How JPMorgan Chase helped bring the Uffizi to Minnesota

By Tim Gihring //

When Pilar Oppedisano, the market manager and executive director of J.P. Morgan Private Bank in Minneapolis, learned that Mia was planning the exhibition “Botticelli and Renaissance Florence: Masterworks from the Uffizi,” now on view through January 8, she recognized a rare opportunity—and knew exactly who to call.

Because not only is J.P. Morgan one of the world’s largest banks, it also houses the oldest corporate art collection in the world, displayed in its corporate spaces in 60 countries. Aware of this great resource, Pilar reached out to Charlotte Eyerman, PhD, the global head and executive director of the JPMorgan Chase Art Collection.

Charlotte Eyerman

Eyerman came to the job in 2017 after a long career in academia, museums, and art-world organizations like FRAME, the French American Museum Exchange (of which Mia is a member). She has known Mia director Katie Luber and Uffizi director Eike Schmidt for years.

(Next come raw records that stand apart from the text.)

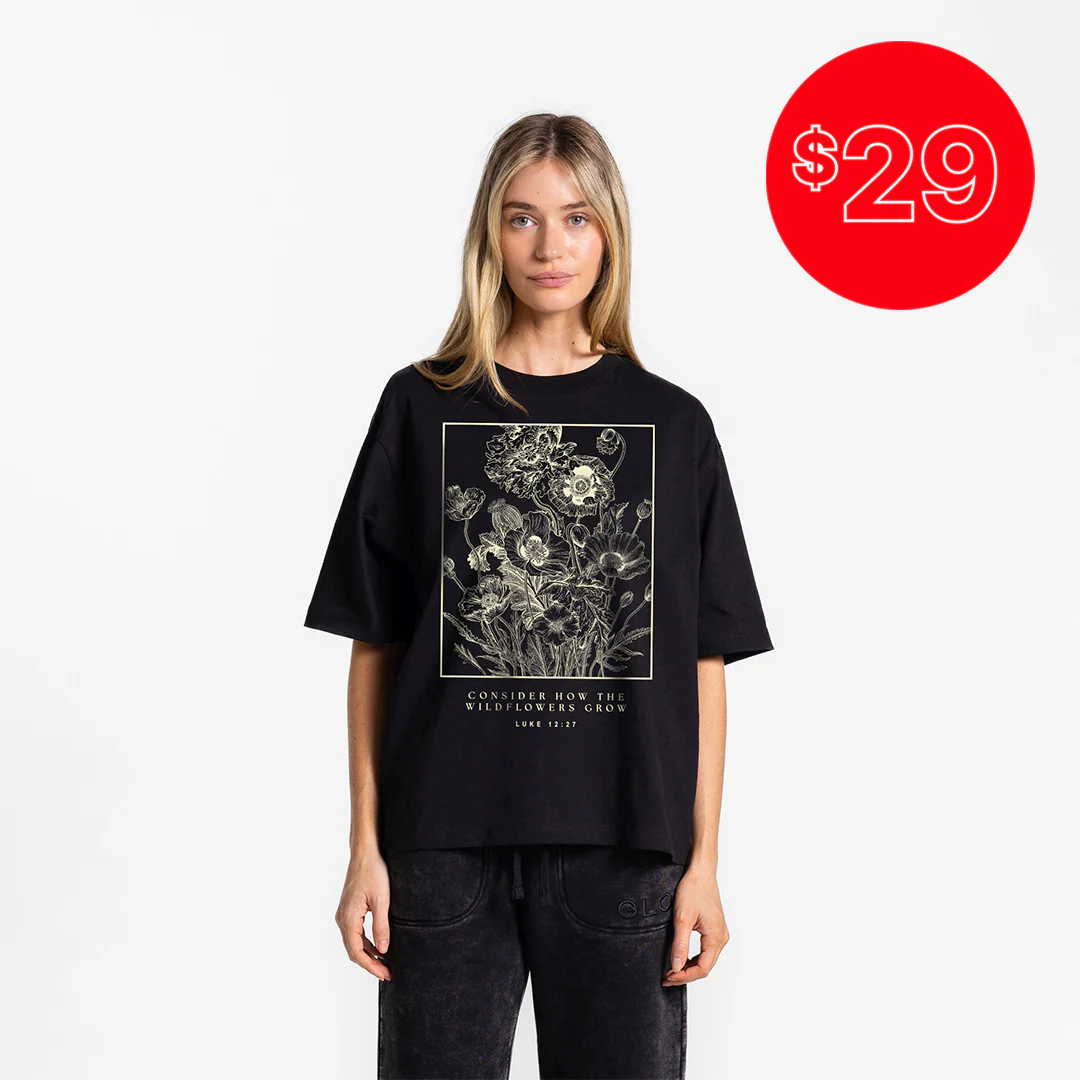 Consider The Wildflowers Tee GLO Boxy Tee - Regular Wash - Jet Black - 29 - Image 2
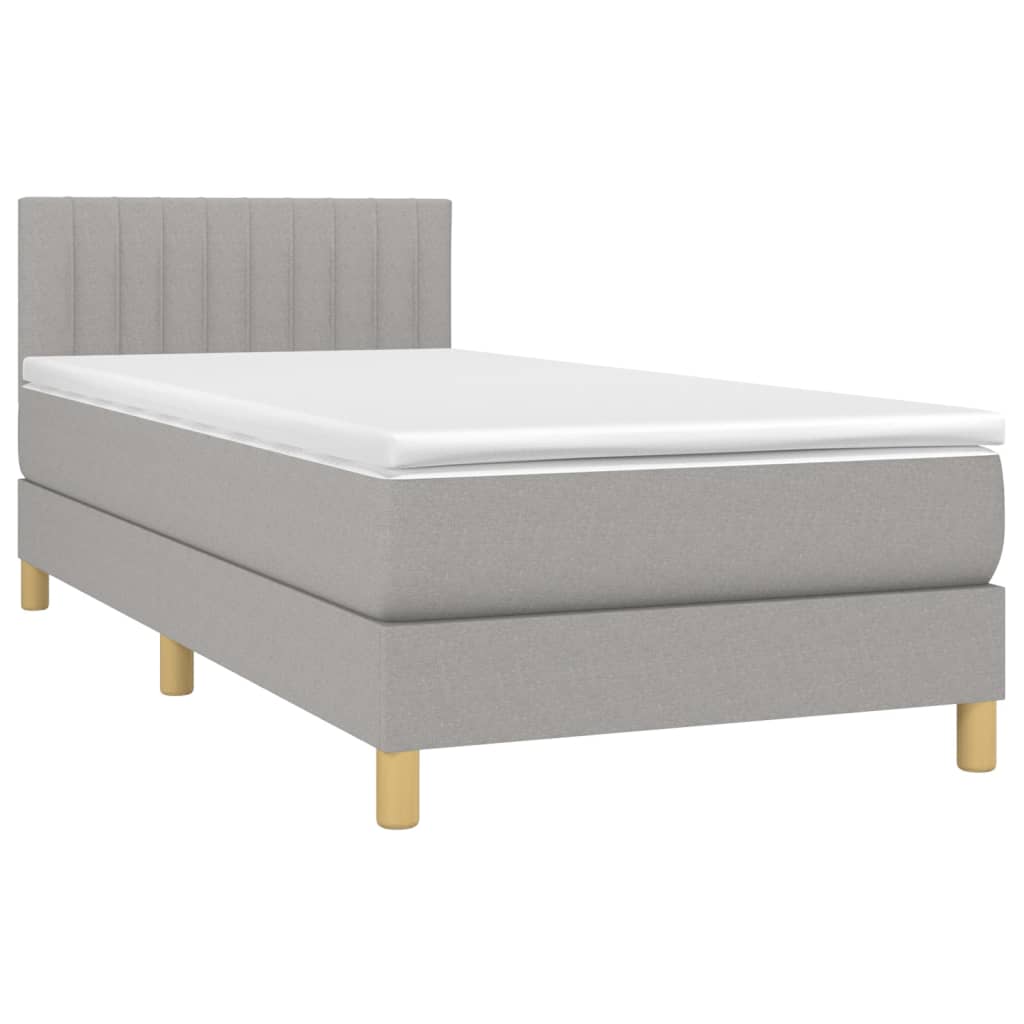 Boxspring met matras en LED stof lichtgrijs 100x200 cm is nu te koop bij PeponiXL, paradijselijk wonen!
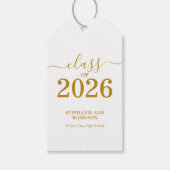 Gouden Script Klas van 2026 Modern Cadeaulabel (Voorkant)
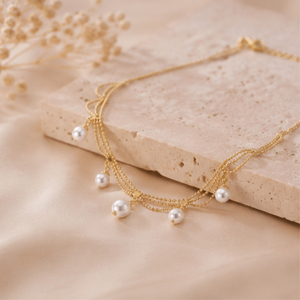 Elegant Pearl Layered Choker <b>Necklace</b> for Women Gold Plated Bridal Wedding Jewelry Fashion <b>Statement</b> <b>Necklace</b> - Product Image 1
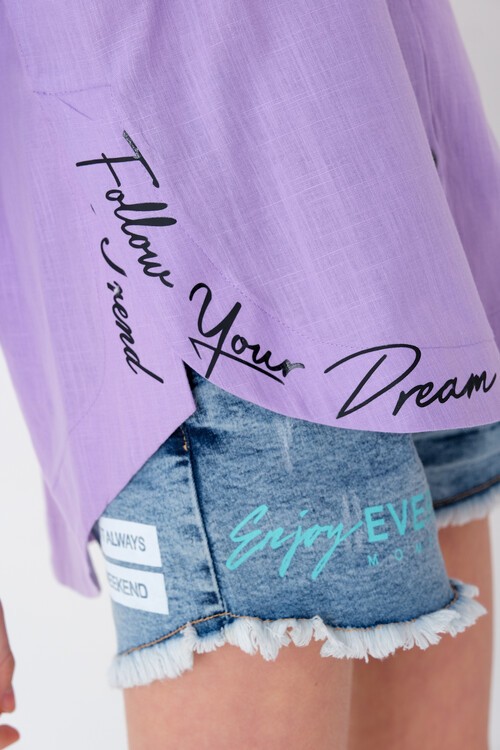 Kız Çocuk Baskılı Gömlek 8-15 Yaş 13931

“The art world is small and interconnected,” she says, “and Katie and I have a lot in common. We’re both very interested in the ways in which art can open our minds and serve as a portal to see the world in new ways.”

The JPMorgan Chase collection was founded in 1959 by David Rockefeller, who became president of the bank the following year and was a wide-ranging art collector himself. He called it Art at Work, a reference not just to the workplace but the artists themselves, whom he saw as hardworking entrepreneurs.

Eyerman thinks of the collection as a “catalyst for connection,” using art to connect people to each other—and the past. “In the world we live in, it can be hard to be transported to a different time,” she says. “But if you remind people that all art was contemporary once, suddenly they can imagine that Botticelli once lived and worked in Florence, a place that in the 15th century was a hub of innovation—the Silicon Valley of its day.”

At the height of the Renaissance, Florence brought together capital, technology, global trade, and an openness to new ideas that still resonates today. “The iPhone wouldn’t exist without these same things,” Eyerman says. Indeed, to appreciate how innovation thrived 500 years ago, in Italy, is to appreciate what’s required today to innovate—in business or any other field.

This is the value of a corporate art collection, Eyerman notes, as well as exhibitions like the collaboration between Mia and the Uffizi. “To have an in-real-life encounter with art, to witness creativity on this scale, is so important,” she says. “That these tremendous works are traveling from Florence to Minneapolis is a once-in-a-life event. This should be a destination exhibition, a tremendous opportunity no matter where you live.”